Le fait que cette mobilité soit parmi les premières causes du réchauffement climatique devrait nous obliger à nous poser, et à nous ré-organiser autrement. La nature semble avoir décidé de nous y obliger. Prenons-le comme notre chance.
Vincent Jarousseau
Les racines de la colère
Deux ans d’enquête dans une France qui n’est pas en marche
Bande dessinée par Eddy Vaccaro
Les Arènes, mars 2019, 22 €
→ Cet ouvrage a reçu le prix 2020 de La bande dessinée d’actualité et de reportage, décerné par France-info.
→ Du même auteur, L’illusion nationale, 2017, avec l’historienne Valérie Igounet, un ouvrage documentaire sur les villes gérées par le Front National (Beaucaire, Hayange et Hénin-Beaumont).
→ Exposition à la bibliothèque universitaire du Havre jusqu’au 17 avril. 25 rue Philippe-Lebon, quasiment en face de la gare du chemin de fer. Fermée, dossier téléchargeable.
Denain va-t-elle mieux?
Je n’ai pas la réponse à cette question, mais, pour les élections municipales, je m’attendais à voir que Denain avait viré aux extrêmes. Il n’en n’est rien. La maire socialiste de Denain, Anne-Lise Dufour-Tonini, a été réélue dès le premier tour avec plus de 57% des voix.

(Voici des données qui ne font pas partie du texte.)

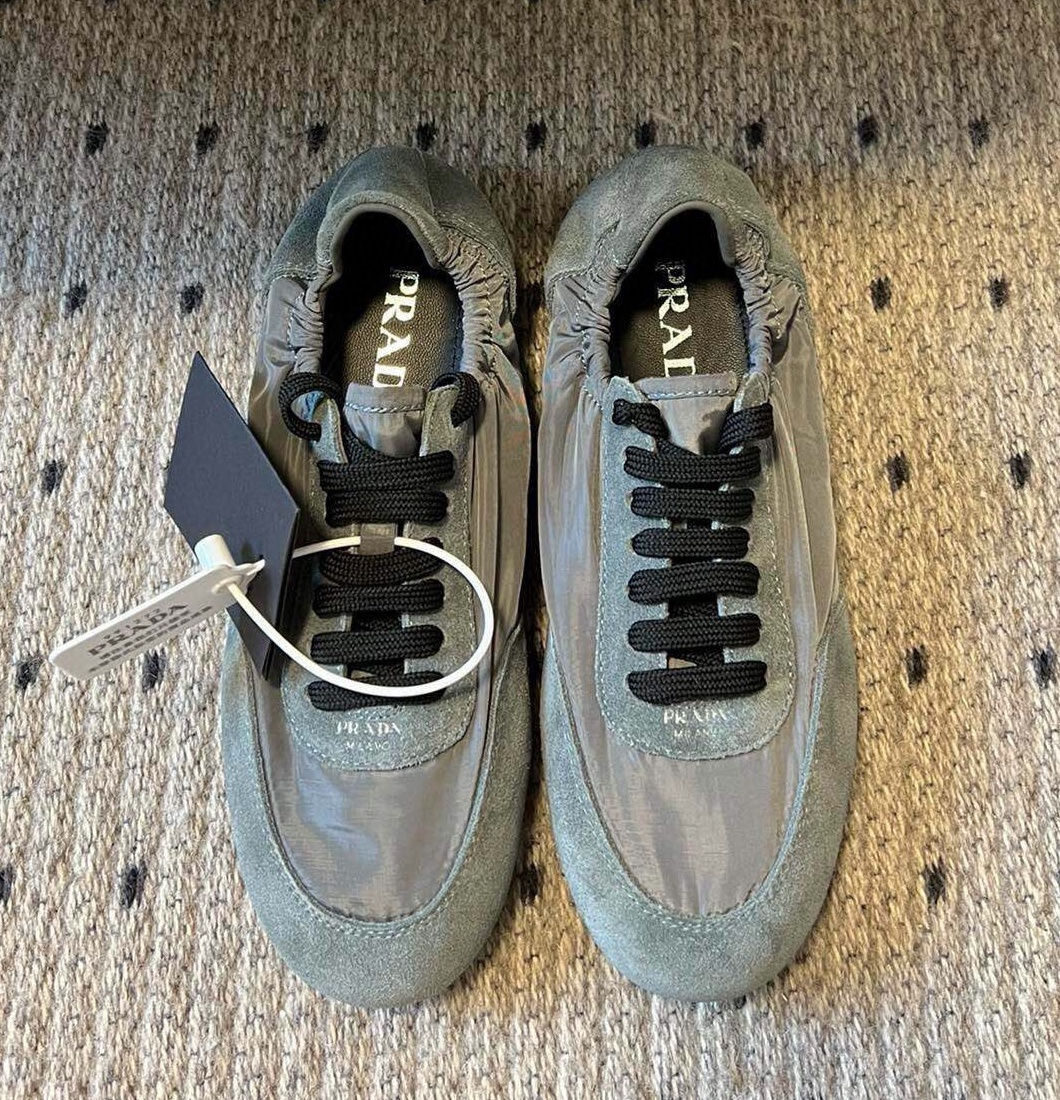 프라다 2025 여성용 스니커즈 WA5367 DN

Le second est Sébastien Chenu (RN, député du Nord) avec 30,68% des voix. « L’abstention s’élève dans ce premier (et unique) tour à 50,2%, bien en-deçà [bien en-dessous] des chiffres du Nord et de la France métropolitaine, » France 3, 15 mars. Lutte ouvrière a fait 2,2%.
Et voilà que, par l’assignation à résidence, l’immobilité nous gagne tous … mais maintenant je me demande bien comment se débrouillent Guillaume et Aline, Tanguy, Loïc …
Acheter le livre en ce moment ?
→ En vente sur la Fnac (attention, ensuite vous serez assaillis de publicités), sur Rakuten (suivi des livraisons assez approximatif), ou voir sur Babelio. Parcourir ces sites vous renforcera dans l’idée qu’il vous faut absolument lire ce livre. Mais le réseau des librairies indépendantes a fermé son service de commandes en raison notamment de « l’arrêt progressif des services de livraison », que nous montre aussi, par exemple, le magazine l’Express.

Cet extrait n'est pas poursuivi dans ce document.